同时,他也正式改回了自己的名字——夏浔,尽管除了小荻和梓祺,其他家人根本不理解他为什么要改名,但他还是这么做了。
“望明”的气候十分寒冷,夏季温度也不高,更不要说冬季了,同时那里距大明还太近,对这些一路飘洋过海过来的人来说,在距大明很近的地方有这么一块巨大无边的土地已经不是秘密。
为了防止有人难舍故土,寻机逃回,夏浔为了安全,只能带领他们继续往纵深走,经过了近一个月的跋涉,他们在这片新大陆的中间地带登岸了。
他相信在这些不了解世界地理,一路也不曾留下海图的情况下,除非整艘船的船员全体叛变,靠着他们的经验和记忆,或有可能逃走,否则将无法再离开,这才把这里确定为定居点。
他们一路停泊、登岸、休息的过程中,船员发现他们在这片新大陆上并不是孤独的存在,这里已经有居民了,这些居民就是被后世人称为印地安人的那些当地土着。
他们最担心的是被抛弃在整个世界之外,而这里早就有居民,而且也是黑头发、黄皮肤,这个发现让他们惶恐不安的心情渐渐安定下来。
经过几个月的相处,解缙兴奋地发现:这里的人很可能同自己一样,也是炎黄子孙,他们应该是殷商遗民。
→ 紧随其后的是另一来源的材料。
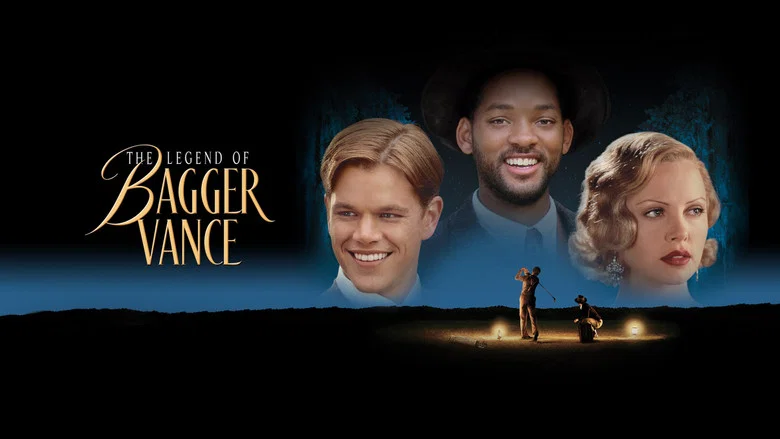 The Legend of Bagger Vance screenshot 7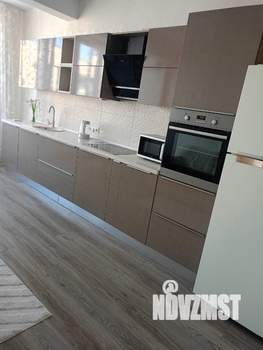 1-к квартира, на длительный срок, 48м2, 13/16 этаж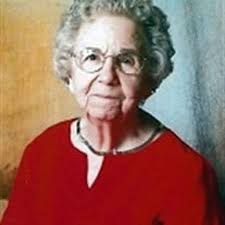 Lola Mae Harper Morris Obituary April 5, 2013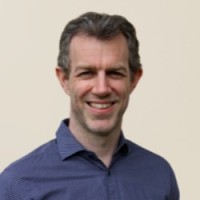 Daniel Coffey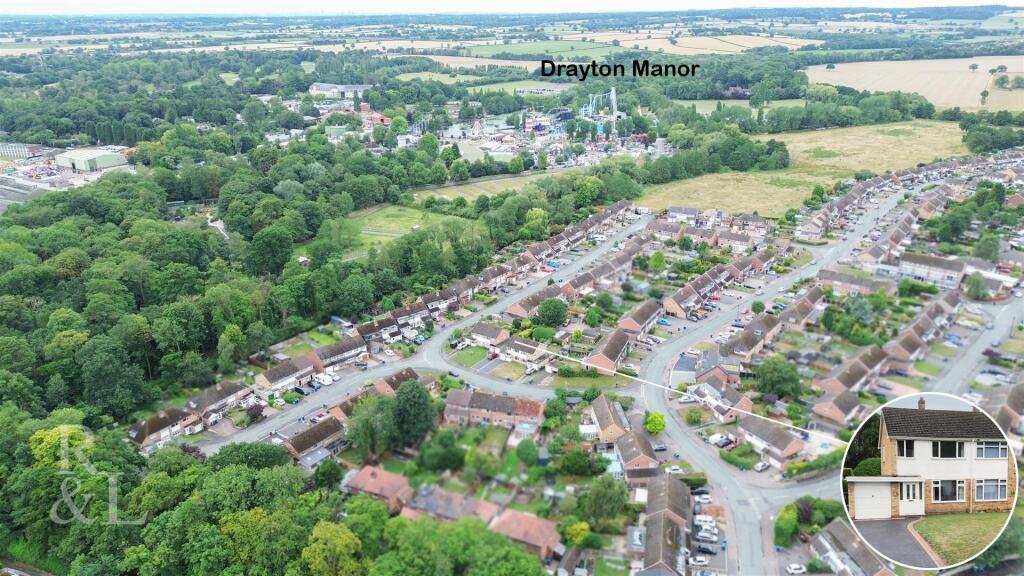 Additional image 17 of Dama Road, Fazeley, Tamworth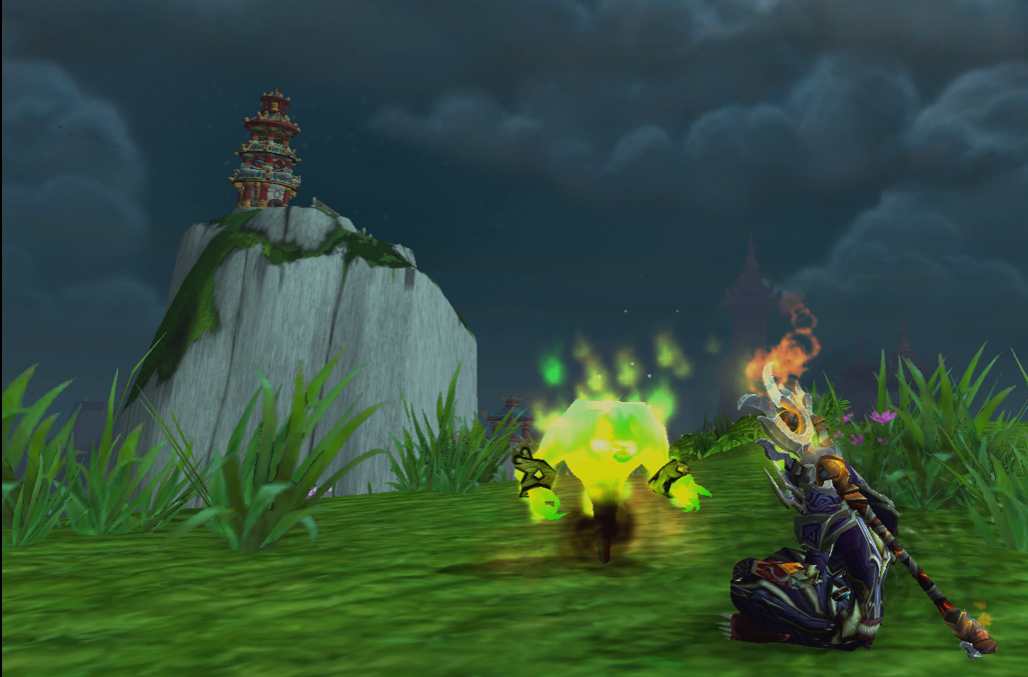 Top 10 Best WoW Battle Pets 2019 (And How To Get Them) GAMERS DECIDE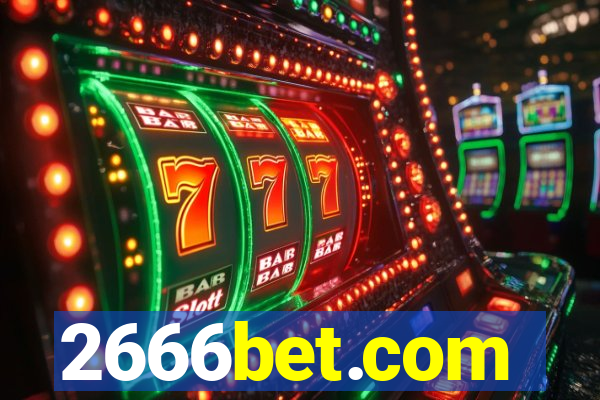 2666bet.com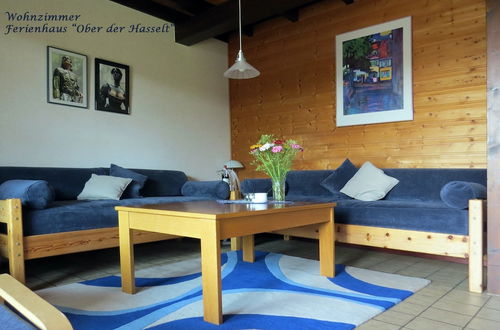 Photo 8 - Holiday Home in Mielinghausen Near the ski Area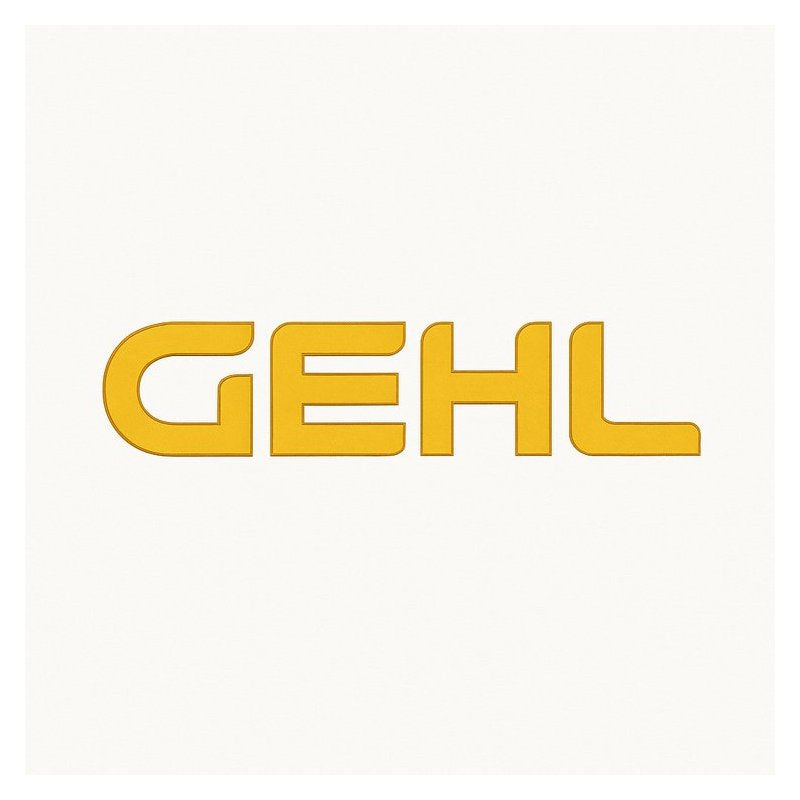 Manual do Carregador Articulado Gehl 140 - Download PDF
最初引起解缙怀疑的,是当地土人的一些词语和知识,一路下来,他发现一些当地土着把小孩子称为“娃娃”,一些地方的土着对“你、我、他”的发音称为“宁、内、伊”,称河流为河,称船为舢板,而留着垂髻的童子,也与中原小孩子的打扮毫无二致。
当他们定居下来,得以更细致地接触这片新世界之后,他更发现许多古代石刻,那上边的文字与他稍有涉猎的甲骨文非常相似,有些字甚至完全一致。
此后不久,夏浔他们在当地起造房屋,建设城堡,竟从地下发掘出十六尊翡翠雕像,这些雕像人的面孔与汉人无异,而且头颅刻意雕得又高又长。
解缙知道这种风格的雕塑乃是殷商时代的人所崇尚的习俗,而在发现翡翠雕像的地方,他们还发现了六块玉圭,圭板上刻有类似商殷甲骨文的字迹。
在此建立城堡之后,解缙受命带人探索周边地域,与一个叫“玛雅”的部落产生了紧密的联系,他发现玛雅部落的祭司会用针炙治病,在这个玛雅部落的附近,还广泛生长着在中国广东福建一带才有的涕竹,还没听说在世界的其它地方有过这种植物。
他们与当地土着渐渐熟悉、了解,大约一年之后,解缙稍稍理解了他们的语言,这里的部落酋长告诉他,涕竹是他们祖传的一种外伤药,是很久很久以前,他们祖先的首领侯喜王留传下来的。
他还说,在他们故老相传的传说中,他们的祖先来自天国,他们的祖先从天国乘涕竹舟沿天之浮桥,来到这个地方,并从此留在了这里。
解缙立即叫这个玛雅人带他去拜见部落里的老祭司,老祭司友好地接待了他,并向他讲述了古老传说中的侯喜王的故事。
老祭司告诉他,在他们族中,世代相传,两千五六百年前,他们的祖先共二十五族,乘坐涕竹舟,沿着一段岛屿不断的海面来到这里,分别建立了几个王国。其中势力最大的就是他们的王:侯喜王。
侯喜王勇敢强大,却也性情残暴,他对招进王宫侍候他的男人施以宫刑,对冒犯他的臣民施以炮烙。有一年,一个叫日升国的小王国毁于严重的地震,日升国的百姓投奔侯喜王,侯喜王没有帮助他们,却把他们变成了自己的奴隶。
难民们非常悲伤,一位住在山上的侯喜族的医生听说之后,就赶到王宫,向侯喜王唱道:“二十五族为兄弟,跟着侯喜过天之浮桥岛,途中艰险不能忘,分发麦黍众乡亲,兄弟莫将兄弟辱,天国再建冬复春……”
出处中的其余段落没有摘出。